Take the case of Wells Fargo and its CEO John Stumpf. The story of fraudulent credit card accounts and other unethical, unscrupulous, and illegal activities designed to enhance performance numbers that resulted in larger bonuses (around $125 million) clearly harmed Wells Fargo’s reputation. But the tipping point for John Stumpf was when the State of California which conducts $2 trillion in annual banking transactions and manages a $75 billion investment pool, announced it would cease doing business with Wells Fargo.
Losing one of Wells Fargo’s biggest customers (a very tangible and quantifiable impact) forced John Stumpf to retire and forfeit a $41 million bonus. Lose a big customer as a result of reputational damage and you lose your job. Seems like a proportionate response.
So, quantifying the impact associated with reputational risk allows for creating a response to try to mitigate the damage. This seems easy to understand. It is a transactional response to a specific incident.
But how do you respond to reputational risk, when there are no direct consequences? Take Uber’s CEO Travis Kalanick, a hard charging, determined personality who has led the ride sharing service to a valuation greater than Ford, GM, and BMW ($60+ billion). Kalanick has upset governments by bending the rules. He has also used psychological tricks to push Uber’s driver and legal battles over Uber’s self-driving car design. Both of these have contributed to Kalanick’s problems — problems so severe that he was forced to resign under pressure from his investors.

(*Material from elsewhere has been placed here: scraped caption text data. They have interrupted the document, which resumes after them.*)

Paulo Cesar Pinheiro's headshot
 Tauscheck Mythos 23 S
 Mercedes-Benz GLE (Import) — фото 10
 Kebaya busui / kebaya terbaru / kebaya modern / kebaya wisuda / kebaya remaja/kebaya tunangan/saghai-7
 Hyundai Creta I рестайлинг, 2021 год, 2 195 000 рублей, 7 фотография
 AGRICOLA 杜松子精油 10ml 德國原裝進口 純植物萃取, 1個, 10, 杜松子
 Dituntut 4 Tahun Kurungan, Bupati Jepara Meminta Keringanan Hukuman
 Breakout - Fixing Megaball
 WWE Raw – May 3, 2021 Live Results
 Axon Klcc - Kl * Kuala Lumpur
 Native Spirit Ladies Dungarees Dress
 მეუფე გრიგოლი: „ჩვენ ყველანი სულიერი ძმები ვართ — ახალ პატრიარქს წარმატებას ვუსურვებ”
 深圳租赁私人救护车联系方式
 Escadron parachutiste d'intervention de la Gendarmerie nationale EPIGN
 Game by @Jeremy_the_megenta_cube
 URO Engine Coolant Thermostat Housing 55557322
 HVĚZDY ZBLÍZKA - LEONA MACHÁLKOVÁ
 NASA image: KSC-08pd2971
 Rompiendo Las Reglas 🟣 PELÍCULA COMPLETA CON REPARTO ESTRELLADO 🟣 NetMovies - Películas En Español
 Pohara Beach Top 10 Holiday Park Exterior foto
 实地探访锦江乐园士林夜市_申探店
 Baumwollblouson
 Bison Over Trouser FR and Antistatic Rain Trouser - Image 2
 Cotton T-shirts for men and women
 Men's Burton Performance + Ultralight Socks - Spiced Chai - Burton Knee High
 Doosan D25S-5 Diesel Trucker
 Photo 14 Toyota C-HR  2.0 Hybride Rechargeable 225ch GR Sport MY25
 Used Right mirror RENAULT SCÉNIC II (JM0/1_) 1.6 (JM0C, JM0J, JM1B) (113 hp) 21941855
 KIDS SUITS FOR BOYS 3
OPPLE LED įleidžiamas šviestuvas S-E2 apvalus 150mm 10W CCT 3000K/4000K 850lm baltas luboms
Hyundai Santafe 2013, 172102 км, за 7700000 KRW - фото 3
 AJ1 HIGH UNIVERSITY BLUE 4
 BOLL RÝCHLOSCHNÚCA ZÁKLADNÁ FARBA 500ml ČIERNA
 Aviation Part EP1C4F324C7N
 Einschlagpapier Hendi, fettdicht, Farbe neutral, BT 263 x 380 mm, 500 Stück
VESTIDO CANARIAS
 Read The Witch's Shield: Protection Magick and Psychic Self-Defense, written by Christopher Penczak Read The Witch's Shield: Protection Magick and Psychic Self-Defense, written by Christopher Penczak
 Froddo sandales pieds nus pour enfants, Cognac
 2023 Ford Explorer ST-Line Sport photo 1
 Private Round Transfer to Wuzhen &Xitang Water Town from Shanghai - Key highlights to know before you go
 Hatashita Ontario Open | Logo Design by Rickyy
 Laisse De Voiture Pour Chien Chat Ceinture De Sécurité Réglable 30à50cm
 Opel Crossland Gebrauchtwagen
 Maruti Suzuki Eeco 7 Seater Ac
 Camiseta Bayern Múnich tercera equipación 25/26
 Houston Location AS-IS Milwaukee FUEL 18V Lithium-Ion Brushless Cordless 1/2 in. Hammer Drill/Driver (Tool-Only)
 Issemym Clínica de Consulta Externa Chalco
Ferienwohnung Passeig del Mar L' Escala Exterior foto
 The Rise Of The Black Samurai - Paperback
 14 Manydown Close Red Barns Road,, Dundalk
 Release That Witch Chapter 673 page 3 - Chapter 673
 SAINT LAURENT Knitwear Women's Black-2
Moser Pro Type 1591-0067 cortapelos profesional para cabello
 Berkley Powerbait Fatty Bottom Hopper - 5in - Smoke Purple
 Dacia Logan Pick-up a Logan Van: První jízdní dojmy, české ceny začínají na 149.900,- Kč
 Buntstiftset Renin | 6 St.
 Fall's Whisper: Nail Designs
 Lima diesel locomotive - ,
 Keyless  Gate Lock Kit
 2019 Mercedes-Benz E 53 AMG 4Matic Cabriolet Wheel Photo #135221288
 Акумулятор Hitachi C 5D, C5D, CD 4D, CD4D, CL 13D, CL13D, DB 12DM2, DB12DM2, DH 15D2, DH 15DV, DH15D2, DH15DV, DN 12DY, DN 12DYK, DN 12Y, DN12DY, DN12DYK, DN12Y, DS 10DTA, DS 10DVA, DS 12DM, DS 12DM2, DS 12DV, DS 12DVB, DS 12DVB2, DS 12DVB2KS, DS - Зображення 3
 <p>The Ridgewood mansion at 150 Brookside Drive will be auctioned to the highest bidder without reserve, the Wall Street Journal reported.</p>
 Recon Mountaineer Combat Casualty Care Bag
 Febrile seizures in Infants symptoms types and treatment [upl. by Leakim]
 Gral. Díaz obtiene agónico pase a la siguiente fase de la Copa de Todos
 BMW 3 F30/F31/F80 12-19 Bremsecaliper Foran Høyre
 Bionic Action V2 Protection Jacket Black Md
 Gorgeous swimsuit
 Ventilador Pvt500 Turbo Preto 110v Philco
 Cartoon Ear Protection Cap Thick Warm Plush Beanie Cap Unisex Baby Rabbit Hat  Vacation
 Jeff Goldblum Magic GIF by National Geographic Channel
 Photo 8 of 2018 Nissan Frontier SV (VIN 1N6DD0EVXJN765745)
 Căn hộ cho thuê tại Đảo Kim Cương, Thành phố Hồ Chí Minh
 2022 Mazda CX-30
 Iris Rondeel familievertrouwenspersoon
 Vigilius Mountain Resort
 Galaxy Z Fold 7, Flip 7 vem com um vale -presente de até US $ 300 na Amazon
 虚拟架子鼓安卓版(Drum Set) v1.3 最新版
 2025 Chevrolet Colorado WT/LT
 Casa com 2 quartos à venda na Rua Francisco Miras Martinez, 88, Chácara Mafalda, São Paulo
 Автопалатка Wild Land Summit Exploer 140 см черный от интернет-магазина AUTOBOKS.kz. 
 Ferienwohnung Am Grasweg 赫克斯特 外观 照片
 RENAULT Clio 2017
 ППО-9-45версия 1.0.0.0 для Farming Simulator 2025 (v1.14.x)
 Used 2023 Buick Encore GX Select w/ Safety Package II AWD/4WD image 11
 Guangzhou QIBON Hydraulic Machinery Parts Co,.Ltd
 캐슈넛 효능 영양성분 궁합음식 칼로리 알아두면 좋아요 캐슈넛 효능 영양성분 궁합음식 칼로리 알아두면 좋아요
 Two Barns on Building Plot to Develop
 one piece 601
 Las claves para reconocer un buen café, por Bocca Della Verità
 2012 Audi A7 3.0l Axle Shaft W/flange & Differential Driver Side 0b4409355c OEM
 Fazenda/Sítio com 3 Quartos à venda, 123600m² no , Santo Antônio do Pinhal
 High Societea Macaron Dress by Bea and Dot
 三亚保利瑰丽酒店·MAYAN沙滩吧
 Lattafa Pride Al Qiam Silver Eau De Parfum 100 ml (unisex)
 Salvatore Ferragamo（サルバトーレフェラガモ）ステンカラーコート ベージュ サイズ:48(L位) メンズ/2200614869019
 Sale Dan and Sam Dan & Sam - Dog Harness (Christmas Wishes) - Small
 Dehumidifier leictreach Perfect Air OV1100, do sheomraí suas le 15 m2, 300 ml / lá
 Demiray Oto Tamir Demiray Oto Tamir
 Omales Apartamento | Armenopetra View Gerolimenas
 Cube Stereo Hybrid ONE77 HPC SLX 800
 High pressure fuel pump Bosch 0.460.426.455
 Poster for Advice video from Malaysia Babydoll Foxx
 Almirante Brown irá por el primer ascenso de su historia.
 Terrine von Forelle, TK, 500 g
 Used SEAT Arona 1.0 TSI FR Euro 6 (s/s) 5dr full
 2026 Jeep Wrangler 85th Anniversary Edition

The reputational issue has not had a direct financial impact. Volume and revenue are up – admittedly, Uber continues to lose money, but that is not a result of its reputational issues. It would appear that investors felt they needed a seasoned CEO to get Uber to the next level, and the recent reputational damage precipitated their action. So, in this case it was the future impact that would be caused by continuing with the current leadership that forced Kalanick’s demise. The group seeking to bring in an experienced CEO sees Kalanick’s actions as supporting their case.
In this case, the concern is for the long-term effect that continued problems may do irreparable harm (such as losing market share). The loss is not seen in a single transaction, but the effects of the future on both the demand side (customers) and supply side (drivers).
The more interesting outcome will be seen in the future of Uber. Just remember – there once was a company that felt that it had to make a similar change and bring in a seasoned CEO to harness the antics of an entrepreneur. In the end, they went back to Steve Jobs.